Harnessing AI To Enhance Judicial Transparency

PDF version: Harnessing AI To Enhance Judicial Transparency.
Published: September 2024.

This factsheet introduces a new method for enhancing judicial transparency using large language models (LLMs) to analyze judicial texts. By converting appellate decisions into data, this method identifies complex legal issues and their outcomes, offering valuable insights for policymakers and the public.

Our previous work demonstrated the significance of such judicial data when reports we produced with algorithmic methods fueled several campaigns calling for judicial accountability in New York.

This factsheet explains how LLM-powered analysis can further accelerate data development to enhance judicial transparency. We have documented our development process and methodology in greater detail internally and would be happy to collaborate with researchers or organizations interested in conducting their own LLM-based analysis to enhance judicial transparency.

Appellate Decisions Can Be Used as Data to Evaluate the Judiciary

Over the past year, Scrutinize has developed a novel approach to judicial transparency by using algorithms to extract quantitative metrics from appellate court decisions. This method transforms legal texts into structured, analyzable datasets, enabling researchers to quantify judicial practices across multiple levels—from individual judges to entire court systems.

This hybrid approach has successfully classified key outcomes in appellate decisions, as shown in our previous reports, Excessive Sentencers and Reverse and Reassign.

Algorithmic Analysis Is Constrained for Complex, Context-Specific Classification

Our recent report, Unprotected, on judicial errors in protecting constitutional rights revealed a constraint in our analysis method. The report required identifying appellate decisions that overturned lower court rulings specifically due to suppression errors. Our algorithm could identify appellate decisions that reversed lower courts and discussed suppression, but it could not reliably determine if suppression was the cause of the reversal due to the lack of uniform signaling language.

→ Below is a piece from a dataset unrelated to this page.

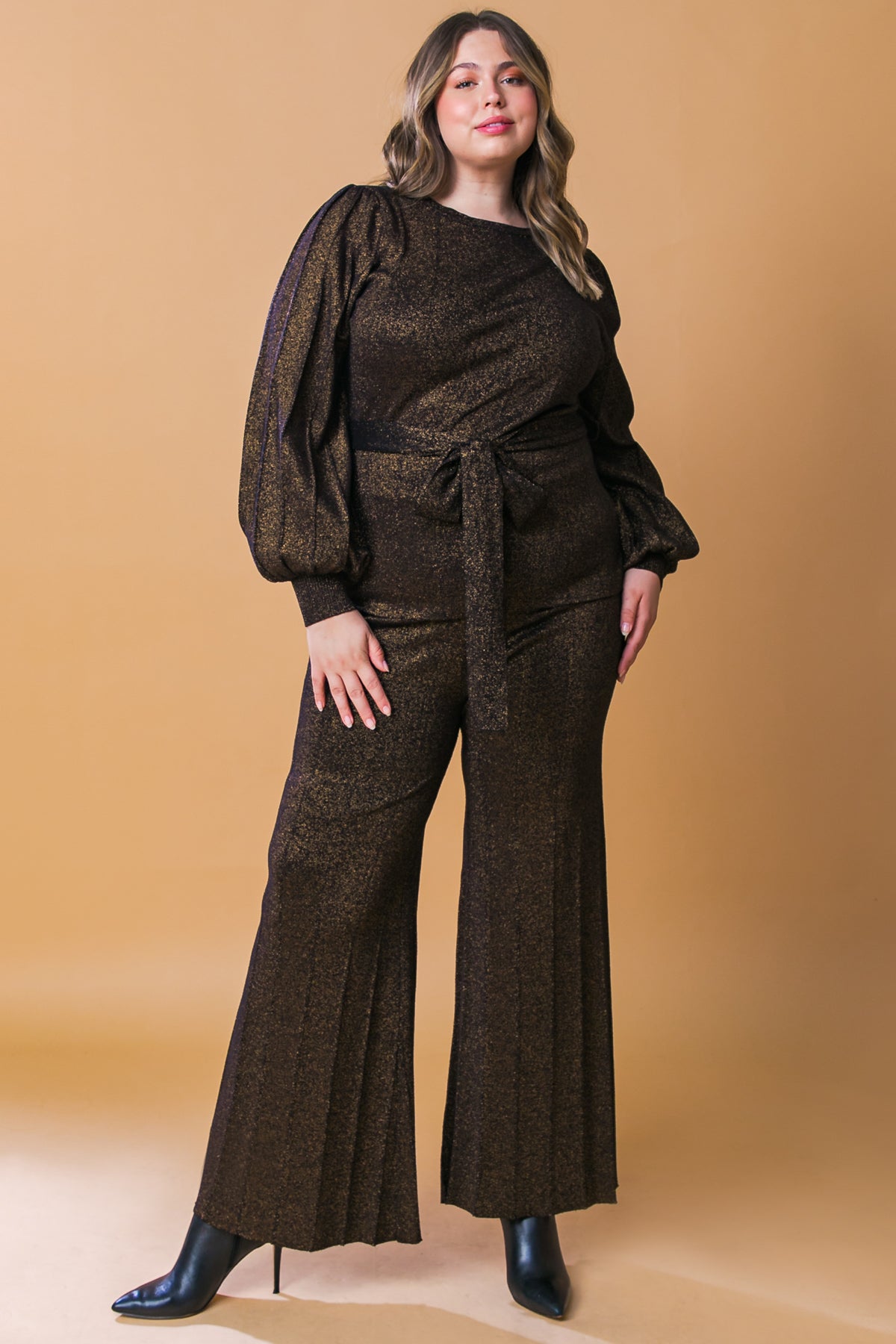 STUNNING STANCE METALLIC SWEATER TUNIN AND PANT SET Flying Tomato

As a result, we manually classified over 1,000 decisions, a labor-intensive process that required carefully reading lengthy and complex legal texts.

Enhancing Appellate Decision Classification Using LLMs

To address the linguistic challenges encountered in Unprotected, we developed a proof of concept for an LLM-powered methodology to replace manual classification of suppression decisions. This methodology involves a two-step process:

Summarization: GPT-3.5-turbo-1106 generates a summary of each appellate decision.¹
Classification: GPT-4-1106-preview uses summaries to determine if the appellate decision overturned lower court rulings specifically on suppression issues.²
Repetition: Steps 1-2 are applied to each decision five times, producing five different classification (this leverages non-deterministic variation, as discussed below).
Review of Non-Consensus Outcomes: For decisions where Step 3 does not result in a consensus—meaning that all five runs do not yield the same classification—we manually classify the case.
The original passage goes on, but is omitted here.